*** RECORDS FOR THE EXERCISE ***

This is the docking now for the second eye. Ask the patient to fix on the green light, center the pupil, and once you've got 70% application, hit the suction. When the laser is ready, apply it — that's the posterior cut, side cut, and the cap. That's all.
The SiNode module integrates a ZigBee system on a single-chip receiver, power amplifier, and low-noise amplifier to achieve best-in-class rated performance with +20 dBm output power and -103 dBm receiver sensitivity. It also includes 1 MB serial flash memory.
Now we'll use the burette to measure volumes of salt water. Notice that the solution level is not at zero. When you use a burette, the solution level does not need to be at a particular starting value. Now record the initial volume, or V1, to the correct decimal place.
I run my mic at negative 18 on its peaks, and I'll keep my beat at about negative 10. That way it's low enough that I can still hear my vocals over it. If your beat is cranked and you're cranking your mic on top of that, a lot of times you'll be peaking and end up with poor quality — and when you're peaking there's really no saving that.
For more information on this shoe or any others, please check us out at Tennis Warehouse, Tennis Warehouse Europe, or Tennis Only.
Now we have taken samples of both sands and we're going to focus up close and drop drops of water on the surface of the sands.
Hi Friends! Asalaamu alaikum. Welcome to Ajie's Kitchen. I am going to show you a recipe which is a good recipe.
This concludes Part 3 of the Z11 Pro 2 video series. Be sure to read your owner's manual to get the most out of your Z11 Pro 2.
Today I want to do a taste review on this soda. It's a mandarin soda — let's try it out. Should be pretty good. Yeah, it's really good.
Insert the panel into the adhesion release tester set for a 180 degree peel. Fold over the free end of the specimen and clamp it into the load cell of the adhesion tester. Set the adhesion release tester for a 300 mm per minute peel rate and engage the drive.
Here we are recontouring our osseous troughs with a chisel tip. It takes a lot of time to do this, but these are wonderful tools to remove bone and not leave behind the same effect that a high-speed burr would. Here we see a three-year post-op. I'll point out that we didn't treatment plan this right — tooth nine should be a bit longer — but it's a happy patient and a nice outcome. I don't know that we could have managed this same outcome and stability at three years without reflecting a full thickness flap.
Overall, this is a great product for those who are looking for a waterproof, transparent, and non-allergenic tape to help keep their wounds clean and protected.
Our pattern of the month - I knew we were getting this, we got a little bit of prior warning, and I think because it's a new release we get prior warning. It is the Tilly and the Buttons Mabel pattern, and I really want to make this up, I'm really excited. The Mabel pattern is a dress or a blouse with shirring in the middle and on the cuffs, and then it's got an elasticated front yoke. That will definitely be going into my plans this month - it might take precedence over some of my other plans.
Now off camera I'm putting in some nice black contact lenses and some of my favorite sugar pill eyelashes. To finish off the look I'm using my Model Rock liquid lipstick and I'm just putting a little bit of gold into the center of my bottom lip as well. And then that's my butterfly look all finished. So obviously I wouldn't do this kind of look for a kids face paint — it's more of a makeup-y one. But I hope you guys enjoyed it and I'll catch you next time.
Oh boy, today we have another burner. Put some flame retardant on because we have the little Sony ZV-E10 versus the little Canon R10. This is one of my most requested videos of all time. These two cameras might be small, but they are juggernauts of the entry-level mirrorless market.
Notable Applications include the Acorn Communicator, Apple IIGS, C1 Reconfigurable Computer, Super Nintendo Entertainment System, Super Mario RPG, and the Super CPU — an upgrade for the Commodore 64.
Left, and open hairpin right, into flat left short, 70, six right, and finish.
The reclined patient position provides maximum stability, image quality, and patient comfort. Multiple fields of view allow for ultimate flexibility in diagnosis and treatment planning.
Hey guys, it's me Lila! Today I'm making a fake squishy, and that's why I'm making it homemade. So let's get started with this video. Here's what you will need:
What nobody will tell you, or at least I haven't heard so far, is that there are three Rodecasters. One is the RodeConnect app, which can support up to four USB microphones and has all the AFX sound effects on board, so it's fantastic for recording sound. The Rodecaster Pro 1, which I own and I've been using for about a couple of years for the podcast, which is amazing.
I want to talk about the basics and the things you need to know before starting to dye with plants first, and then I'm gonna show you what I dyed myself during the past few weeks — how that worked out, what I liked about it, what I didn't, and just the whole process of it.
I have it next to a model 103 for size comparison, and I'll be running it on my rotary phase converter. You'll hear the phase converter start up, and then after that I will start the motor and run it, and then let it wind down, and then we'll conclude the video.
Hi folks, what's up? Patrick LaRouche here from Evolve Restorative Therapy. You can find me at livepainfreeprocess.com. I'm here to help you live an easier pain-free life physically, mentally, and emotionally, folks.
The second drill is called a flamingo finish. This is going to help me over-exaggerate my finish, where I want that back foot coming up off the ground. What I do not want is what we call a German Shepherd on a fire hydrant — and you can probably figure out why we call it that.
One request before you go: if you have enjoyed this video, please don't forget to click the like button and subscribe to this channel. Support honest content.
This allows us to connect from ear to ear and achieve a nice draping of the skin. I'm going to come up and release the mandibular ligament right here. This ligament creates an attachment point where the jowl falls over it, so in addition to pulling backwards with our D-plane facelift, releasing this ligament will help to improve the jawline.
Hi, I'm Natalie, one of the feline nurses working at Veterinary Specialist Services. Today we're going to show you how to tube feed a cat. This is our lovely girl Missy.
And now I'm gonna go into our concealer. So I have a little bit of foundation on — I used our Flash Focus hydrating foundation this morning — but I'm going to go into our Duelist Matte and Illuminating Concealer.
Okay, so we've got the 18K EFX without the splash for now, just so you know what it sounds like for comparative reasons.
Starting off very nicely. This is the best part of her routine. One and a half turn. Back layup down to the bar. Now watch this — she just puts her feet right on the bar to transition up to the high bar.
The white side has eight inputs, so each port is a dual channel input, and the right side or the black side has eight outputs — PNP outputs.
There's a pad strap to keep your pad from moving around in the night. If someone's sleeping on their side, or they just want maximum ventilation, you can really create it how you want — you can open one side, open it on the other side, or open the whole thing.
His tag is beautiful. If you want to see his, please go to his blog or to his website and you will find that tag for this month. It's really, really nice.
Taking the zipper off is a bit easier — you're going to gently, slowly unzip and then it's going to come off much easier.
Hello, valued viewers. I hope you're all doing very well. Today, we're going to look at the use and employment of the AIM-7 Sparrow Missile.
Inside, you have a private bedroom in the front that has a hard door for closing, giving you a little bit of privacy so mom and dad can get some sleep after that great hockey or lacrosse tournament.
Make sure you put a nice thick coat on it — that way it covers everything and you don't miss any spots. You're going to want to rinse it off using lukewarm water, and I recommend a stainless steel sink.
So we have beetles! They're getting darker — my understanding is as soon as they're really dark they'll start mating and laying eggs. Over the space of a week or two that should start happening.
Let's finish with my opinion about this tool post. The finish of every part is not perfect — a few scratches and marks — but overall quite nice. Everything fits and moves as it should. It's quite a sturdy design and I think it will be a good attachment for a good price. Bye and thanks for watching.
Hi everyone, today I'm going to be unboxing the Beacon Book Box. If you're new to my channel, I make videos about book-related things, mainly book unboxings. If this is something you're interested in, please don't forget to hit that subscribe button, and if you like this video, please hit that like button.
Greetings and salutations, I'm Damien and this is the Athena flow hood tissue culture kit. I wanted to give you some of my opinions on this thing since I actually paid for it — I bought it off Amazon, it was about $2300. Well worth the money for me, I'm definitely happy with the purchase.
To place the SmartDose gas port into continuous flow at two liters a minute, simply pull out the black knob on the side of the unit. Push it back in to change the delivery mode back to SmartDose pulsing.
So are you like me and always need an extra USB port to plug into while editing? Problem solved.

*** End of RECORDS FOR THE EXERCISE ***

• **YOUR ASSIGNMENT**
In the answer, the lines from the first line of the data above through the line containing "Now we'll use" must appear exactly as written, with nothing else.

• **ANSWER TO THE EXERCISE**
This is the docking now for the second eye. Ask the patient to fix on the green light, center the pupil, and once you've got 70% application, hit the suction. When the laser is ready, apply it — that's the posterior cut, side cut, and the cap. That's all.
The SiNode module integrates a ZigBee system on a single-chip receiver, power amplifier, and low-noise amplifier to achieve best-in-class rated performance with +20 dBm output power and -103 dBm receiver sensitivity. It also includes 1 MB serial flash memory.
Now we'll use the burette to measure volumes of salt water. Notice that the solution level is not at zero. When you use a burette, the solution level does not need to be at a particular starting value. Now record the initial volume, or V1, to the correct decimal place.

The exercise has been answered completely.